Пока ее старшая дочь лежала больной в задней комнате, а младшая искала приключения за океаном, Люсиль Бантинг сидела за кухонным столом с резным карандашом в руке и пыталась писать письмо. Карандаш она получила в подарок от Уиллоуби Далтона, человека, периодически проходившего пешком три мили от Кэррингтон-виллидж, где он жил, до ее дома на Астер-лейн, чтобы подарить какую-нибудь самодельную вещицу или что-то нужное в хозяйстве. Впервые Уиллоуби пришел к их дому добрый год тому назад, с охапкой цветов акации. Он встал с краю их участка и уставился на дом, словно забыл, зачем проделал такой путь. Люсиль смотрела на него из окна. Она уже видела его в церкви – на нем была все та же серая фетровая шляпа с немодно загнутыми полями, и он слегка прихрамывал, – и по прошествии приличного времени, в течение которого он стоял, не двигаясь с места, она отошла от окна и занялась другими делами. Целый час спустя, когда уже зашло солнце, Люсиль снова подошла к окну и увидела, как Уиллоуби уходит с охапкой цветов.
На следующий день он вернулся с другими цветами – на этот раз с плюмериями – и, дойдя до края участка, снова остановился, а Люсиль, стоя у окна, скрестила руки на груди, приготовившись наблюдать все то же странное зрелище. Но тут Уиллоуби зашел на участок и зашагал, прихрамывая, по грязной дорожке к дому. Люсиль вытянула шею и смотрела, как он медленно наклоняется на пороге, кладет цветы и еще медленнее распрямляется. А затем он снова ушел.
Настал день, когда Уиллоуби постучал в дверь. Люсиль открыла и обнаружила его стоящим рядом с очередной охапкой цветов, порядком отсыревших и побуревших. Она не стала убирать их с крыльца, поскольку хотела увидеть, долго ли это будет продолжаться.
Уиллоуби улыбнулся и осторожно снял фетровую шляпу.
– Добрый день, – сказал он. Голос у него был приятный, масленый и мягкий.
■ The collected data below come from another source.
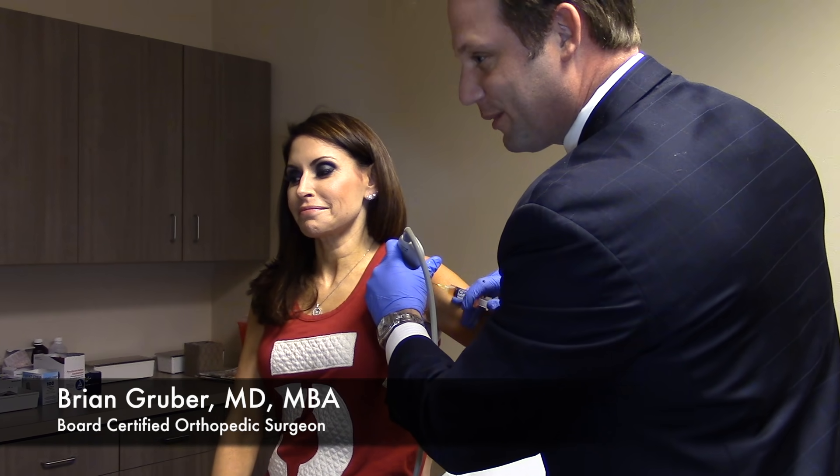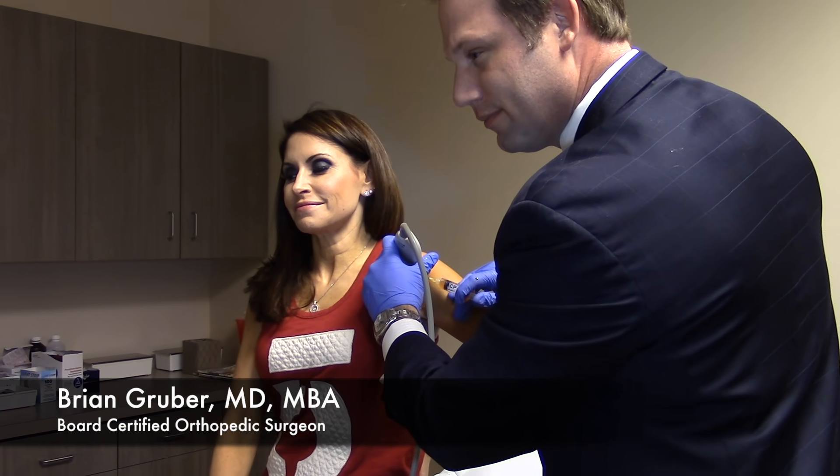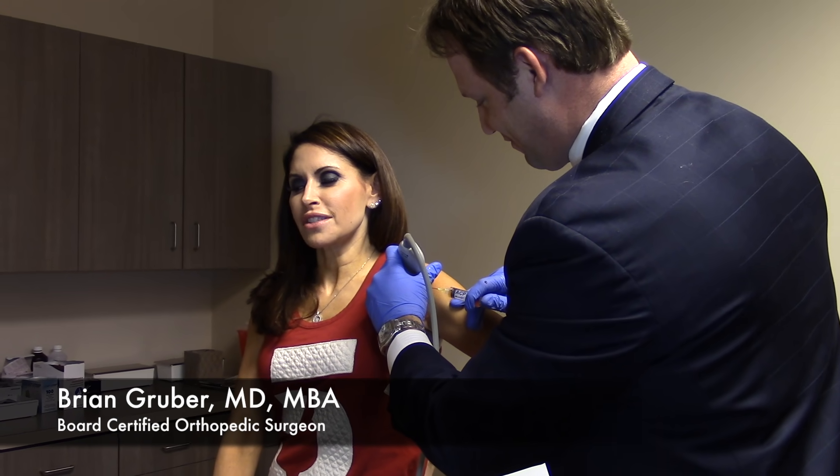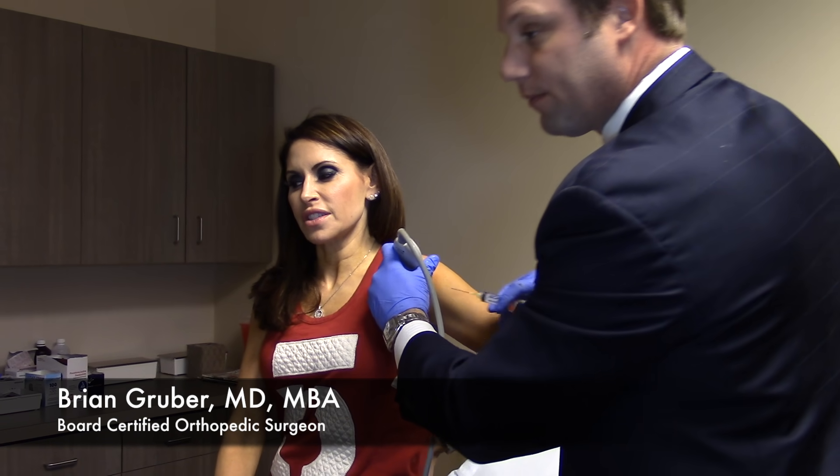Are you doing okay, Julie? Yeah. Are we getting close? We're very close. It's not painless but I'm not crying — just a little uncomfortable. All right, and now we're done.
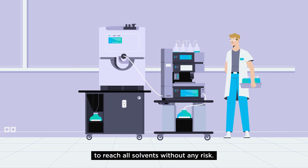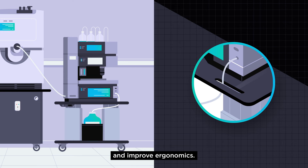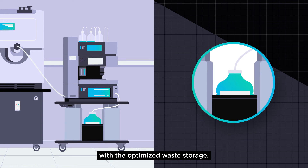It's height adjustable to reach all solvents without any risk and helps keep your workspace organized and improve ergonomics. Your workspace will stay clean with the optimized waste storage.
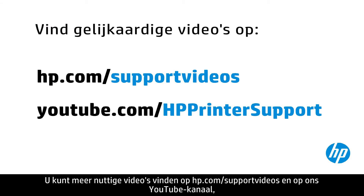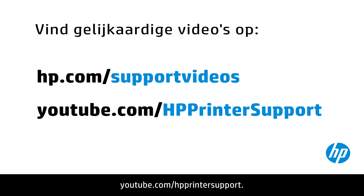You can find additional helpful videos at hp.com/support/videos and on our YouTube channel, youtube.com/hp printer support.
Люсиль ничего ему не ответила.
– Я вам цветов принес, – сказал он. Переступив с ноги на ногу, он продолжил: – Я приходил к вам. Прихожу с недавних пор. Ничего, похоже, не могу с собой поделать, и ум подсказывает мне, это должно что-то значить.
Он словно ждал чего-то.
Люсиль никогда еще не слышала, чтобы кто-то так говорил, так откровенно и умоляюще, словно он пришел показать ей рану, больное место, в надежде, что она его исцелит. Она могла бы при желании – не считая немодной шляпы, выглядел он вполне прилично, – но не понимала, чего ради. И сказала:
– Кто-то вечно ищет смысл там, где его вовсе нет.
Уиллоуби, с увядшими цветами под ногами, медленно надел шляпу. Он кивнул, затем развернулся, ступил в грязь и пошел обратно к дороге с пустыми руками, без малейшей опоры – на этот раз с ним не было ни цветов, ни той, ради которой он приходил. На мгновение Люсиль стало жаль его – на него было грустно смотреть, – но Уиллоуби, да и все остальные мужчины, если уж на то пошло, не вызывали у нее особого интереса. С тех пор каждый раз, как он возвращался, Люсиль просто принимала подарки, а затем отправляла его восвояси, словно бросала рыбу обратно в ручей. А эта старая рыба, знай себе, подплывала к тому же месту – чудо, да и только.
Так или иначе, Уиллоуби нередко приносил полезные вещи, и карандаш, который, по его словам, он выстругал сам, хорошенько его заточив, служил тому примером. Люсиль пользовалась им главным образом для разметки рулонов ткани и вычерчивания выкроек, что слегка упрощало шитье: можно было не полагаться на глаз, измеряя длину и представляя будущие формы. Впрочем, теперь карандаш пригодился ей для другой задачи – написания письма, – оставалось только вспомнить, как это делается. Люсиль занесла карандаш над гладкой писчей бумагой и задумалась над тем, что хочет сказать.
Люсиль выросла в Бриджтауне, на сахарной плантации средних размеров, которой вот уже сто восемьдесят лет владело семейство Кэмби, и примерно половину этого времени на ней трудились предки Люсиль: сперва ее прадеды и прабабки, затем деды и бабки, затем родители и, наконец, она сама. Подобная преемственность на протяжении нескольких поколений была нетипична, и это отчасти объясняло, почему ее родители, родившиеся свободными, решили там остаться, хотя могли бы начать жизнь где-нибудь в другом месте. Там были их корни. Многие поколения Бантингов лежали в этой земле. И там они прожили свою жизнь просто потому, что для них это было тем местом, где протекала жизнь.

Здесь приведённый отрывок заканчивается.